I'm a scrivener man too. The windows version isn't as refined as the Mac version, so I find that I have to used the net for my thesaurus needs, but it's a small annoyance, and the feature will get implemented sooner or later. Other programs I've used are yWriter (it's free), Write it now, liquid story binder. 

I like scrivener because using it can be as simple or as complicated as you want, if that makes any sense. The key features I like are the note carding/ cork board feature, the ability to version your scenes individually with the ability to revert back and forth, the ability to keep all your notes and research bundles with the actual manuscript, and finally the ability to compile a manuscript based on specific choices you set into various formats. For example you can write your manuscript single spaced, with in-line annotations to yourself, in what ever font you want, and when you use the compile function, it will export the manuscript into say a word doc, double spaced, in courier font, without the annotations if you choose, with a cover page, and if you want chapter headings.


----------



## Steerpike (Apr 27, 2012)

I've only used the linux version of Scrivener. I think LSB for Windows is good for that kind of program as well. They both seem to get the job done.

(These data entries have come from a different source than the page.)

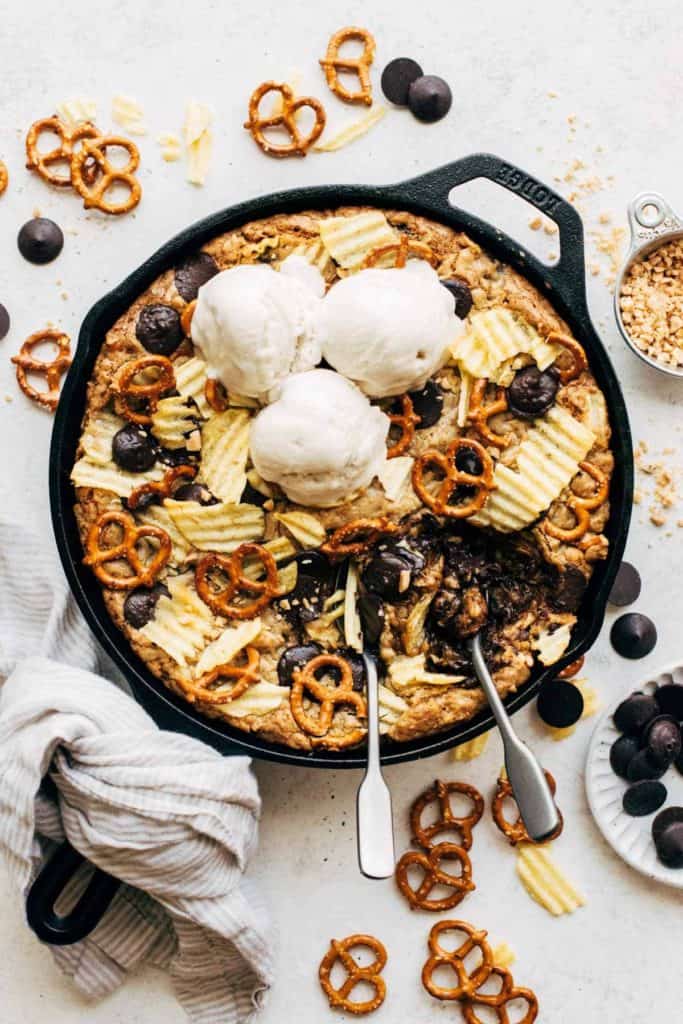 an overhead view of a compost skillet cookie with potato chips, pretzels, chocolate, and ice cream on top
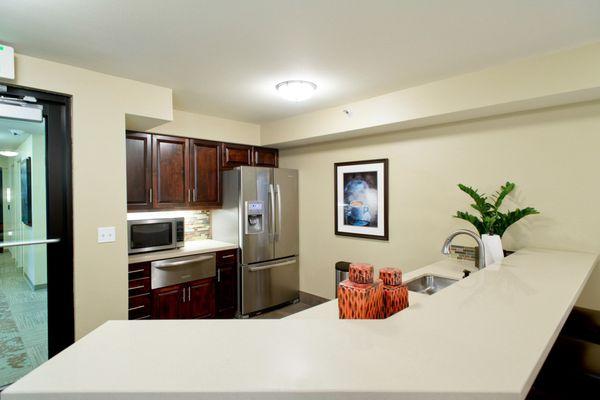 Resident lounge kitchen with stainless steel appliances.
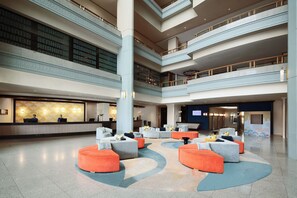 Relax in our spacious lobby, featuring a central seating area and polished floors.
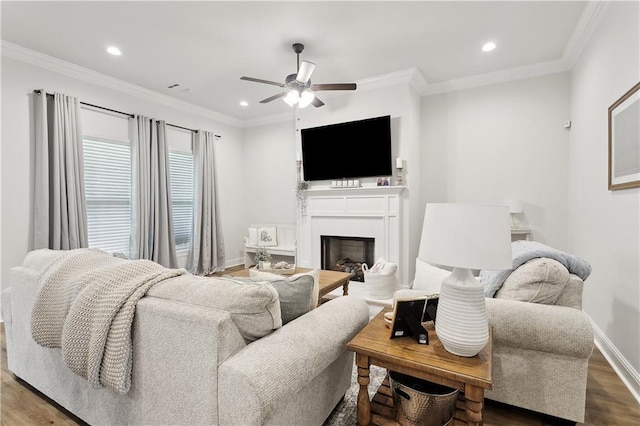 39651 Fairhope Dr, Ponchatoula, LA 70454 - living room with ceiling fan, a fireplace, wood finished floors, recessed lighting, and ornamental molding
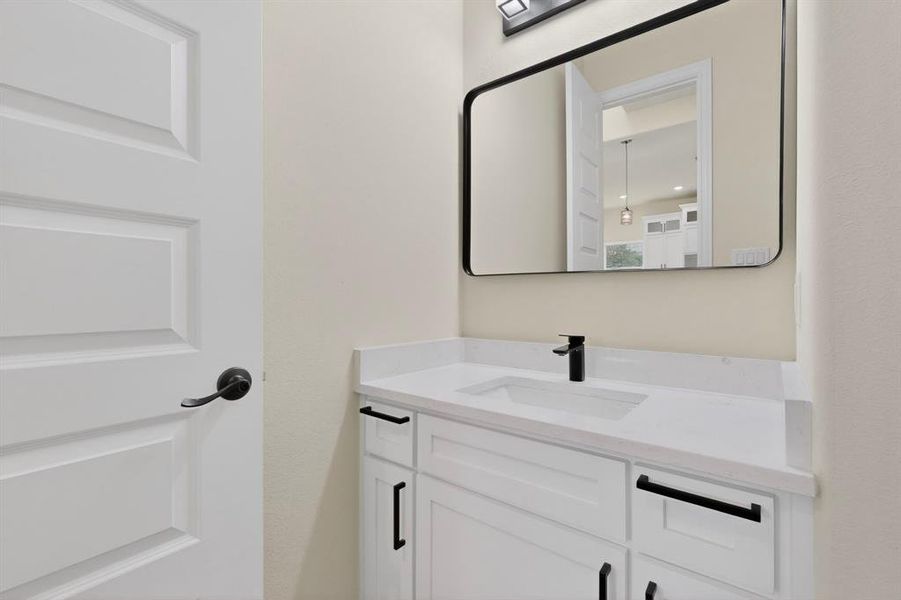 White shaker-style vanity with stone-finish countertop, undermount sink, and matte black faucet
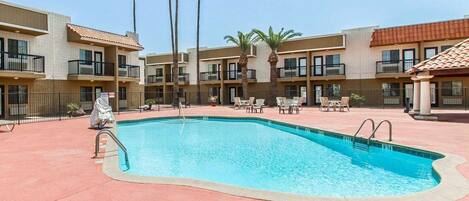 A pool area with a rectangular pool, lounge chairs, and palm trees.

Lately, I'm just using a text editor.


----------



## Christopher Wright (Apr 27, 2012)

The windows version of Scrivener works pretty well under Wine.


----------



## Steerpike (Apr 27, 2012)

Christopher: Do you know if it differs in functionality from the Linux version?


----------



## Christopher Wright (Apr 27, 2012)

Well if you're running a 64 bit system you can't use the spellchecker in the Linux version, because the spellchecker uses 32 bit libraries. If you install the 32 bit libraries (tricky, but possible) you get rudimentary spellchecking functionality but it won't remember words. So for example if you have an exotic name of a location that you've added to a dictionary, it won't actually stick and will be flagged as a misspelled word every time.

The windows version gives you spellcheck. The off-side is font rendering isn't as good. But... you get spellcheck.


----------



## Steerpike (Apr 27, 2012)

Christopher Wright said:


> Well if you're running a 64 bit system you can't use the spellchecker in the Linux version, because the spellchecker uses 32 bit libraries. If you install the 32 bit libraries (tricky, but possible) you get rudimentary spellchecking functionality but it won't remember words. So for example if you have an exotic name of a location that you've added to a dictionary, it won't actually stick and will be flagged as a misspelled word every time.
> 
> The windows version gives you spellcheck. The off-side is font rendering isn't as good. But... you get spellcheck.



Ah...yeah I forgot about the spell check function. I didn't install the 32 bit libraries because I didn't care enough about that functionality to have those libraries on my system. I haven't used it for a while but I may get back into it a bit. It is very handy for organizing a work.


----------



## Shockley (Apr 27, 2012)

While I'm a recent convert to the legal pad and pen, when I do write on the computer I tend to prefer OpenOffice. Simple and free - I don't get distracted with extra features.


----------



## Steerpike (Apr 28, 2012)

OpenOffice is a good program. I jumped to LibreOffice when many of the OpenOffice developers moved to it. It appears to me to be more actively developed than OO at this point.


----------



## Justme (Apr 29, 2012)

Thank you. I'm testing them all and will see what works out for me. Thank you.


----------